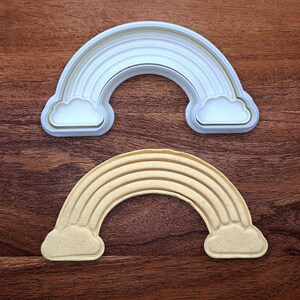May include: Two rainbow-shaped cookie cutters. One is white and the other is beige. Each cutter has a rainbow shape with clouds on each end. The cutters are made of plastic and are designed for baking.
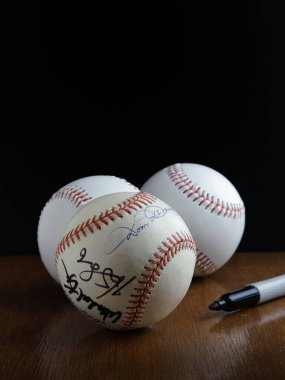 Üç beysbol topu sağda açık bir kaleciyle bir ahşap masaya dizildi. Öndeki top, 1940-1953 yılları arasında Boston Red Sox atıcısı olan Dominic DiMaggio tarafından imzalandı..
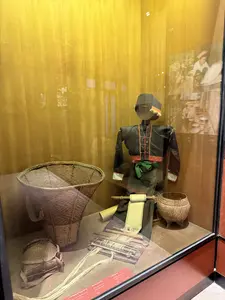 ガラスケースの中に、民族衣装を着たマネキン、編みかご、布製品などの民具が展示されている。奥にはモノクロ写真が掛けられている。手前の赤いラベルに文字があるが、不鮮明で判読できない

==

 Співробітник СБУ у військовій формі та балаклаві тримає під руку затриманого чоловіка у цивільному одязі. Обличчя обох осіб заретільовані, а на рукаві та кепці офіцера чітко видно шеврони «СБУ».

Task statement:
Go back to the listing above and reproduce, exactly, the stretch from the line bearing "Üç beysbol topu" through the line bearing "ガラスケースの中に、民族衣装", without its pictures.

Exercise result:
 Üç beysbol topu sağda açık bir kaleciyle bir ahşap masaya dizildi. Öndeki top, 1940-1953 yılları arasında Boston Red Sox atıcısı olan Dominic DiMaggio tarafından imzalandı..
 ガラスケースの中に、民族衣装を着たマネキン、編みかご、布製品などの民具が展示されている。奥にはモノクロ写真が掛けられている。手前の赤いラベルに文字があるが、不鮮明で判読できない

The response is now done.